CHAPITRE XV
OÙ L'ON
COMMENCE
À TRAITER
DE LA NUIT DE LA VOLONTÉ.
ON APPORTE
UN TEXTE
DU DEU-TÉRONOME
ET UN AUTRE
DE DAVID;
ON DONNE LA DIVISION
DES AFFECTIONS
DE LA
VOLONTÉ.
Il ne
suffit pas de purifier l'entendement pour l'établir dans la vertu
de la foi, ni la mémoire pour l'établir dans la vertu de
l'espérance. On n'aura rien fait si l'on ne purifie aussi la volonté
pour l'établir dans la troisième vertu théologale,
qui est la charité. C'est elle qui donne la vie aux œuvres accomplies
avec foi et leur donne la plus haute valeur; car sans cette vertu les œuvres
n'ont aucun prix, et comme le dit saint Jacques: « Sans les œuvres
de la charité, la foi est morte. (Jac. II, 20) »
Or, comme
je veux traiter maintenant de la nuit obscure de la volonté et du
dépouillement actif de cette puissance pour la disposer et la former
à cette vertu de l'amour de Dieu, je ne trouve pas de parole plus
opportune que celle du Deutéronome où Moïse dit: «
Tu aimera le Seigneur, ton Dieu, de tout ton cœur, de toute ton âme
et de toutes tes forces (Deut. VI, 5). » Ce passage renferme tout
ce que l'homme spirituel doit faire, et tout ce que j'ai à lui enseigner
en ce moment pour qu'il arrive vraiment à unir sa volonté
à Dieu par le moyen de la charité. Il prescrit, en effet,
à l'homme de diriger vers Dieu toutes les puissances, toutes les
tendances, toutes les œuvres et toutes les affections de son âme,
afin que toutes ses aptitudes et toutes ses forces ne servent qu'à
cette fin. C'est là ce que dit David: Fortitudinem meam ad te custodiam
((Ps. LVIII, 10) Je vous garderai ma force.) La force de l'âme se
trouve dans ses puissances, dans ses passions et dans ses tendances, qui
toutes sont gouvernées par la volonté. Or quand la volonté
les détourne de ce qui n'est pas Dieu et les dirige vers Dieu, elle
garde alors la force de son âme pour Dieu; c'est ainsi qu'elle parvient
à aimer Dieu de toutes ses forces. Pour que l'âme atteigne
ce but, nous nous occuperons ici de purifier la volonté de toutes
ses affections désordonnées, qui sont la source d'où
procèdent ses tendances, ses attaches et ses œuvres désordonnées,
et d'où vient également qu'elle ne garde pas toute sa force
pour Dieu.
Ces affections
ou passions sont au nombre de quatre, à savoir: la joie, l'espérance,
la douleur et la crainte. Quand on les applique à Dieu par un exercice
raisonnable, de telle sorte que l'âme ne se réjouisse que
de ce qui intéresse purement l'honneur et la gloire de Dieu Notre-Seigneur,
ne mette qu'en lui son espérance, ne s'afflige que de ce qui le
blesse, ne craigne que lui, il est clair que l'on dispose et que l'on garde
toutes les forces de l'âme et toute son habileté pour Dieu.
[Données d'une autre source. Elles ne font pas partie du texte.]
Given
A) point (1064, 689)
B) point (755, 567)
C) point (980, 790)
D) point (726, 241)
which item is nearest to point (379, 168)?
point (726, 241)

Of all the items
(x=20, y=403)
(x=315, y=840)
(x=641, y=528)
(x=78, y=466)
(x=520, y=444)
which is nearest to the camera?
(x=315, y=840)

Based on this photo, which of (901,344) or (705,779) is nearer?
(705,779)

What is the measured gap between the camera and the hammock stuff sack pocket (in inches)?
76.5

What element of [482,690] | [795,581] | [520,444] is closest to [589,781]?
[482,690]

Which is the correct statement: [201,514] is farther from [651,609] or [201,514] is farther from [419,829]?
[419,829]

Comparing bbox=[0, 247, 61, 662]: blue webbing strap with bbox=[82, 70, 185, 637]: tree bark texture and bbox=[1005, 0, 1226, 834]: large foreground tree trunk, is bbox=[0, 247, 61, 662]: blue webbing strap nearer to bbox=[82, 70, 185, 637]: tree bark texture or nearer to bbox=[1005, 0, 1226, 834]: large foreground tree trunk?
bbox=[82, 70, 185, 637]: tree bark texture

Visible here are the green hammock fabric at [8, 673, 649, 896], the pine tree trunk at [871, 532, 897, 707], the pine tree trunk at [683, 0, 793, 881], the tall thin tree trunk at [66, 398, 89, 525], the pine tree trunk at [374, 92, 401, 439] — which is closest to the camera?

Au contraire, plus l'âme se réjouirait en quelque autre chose,
et moins de force elle conserverait pour mettre sa joie en Dieu; plus elle
mettrait sa confiance dans quelque chose de créé, moins elle
en mettrait en Dieu; et ainsi des autres passions.
Pour
expliquer davantage cette doctrine, nous suivrons notre coutume et traiterons
en particulier de chacune de ces quatre passions ou tendances de la volonté.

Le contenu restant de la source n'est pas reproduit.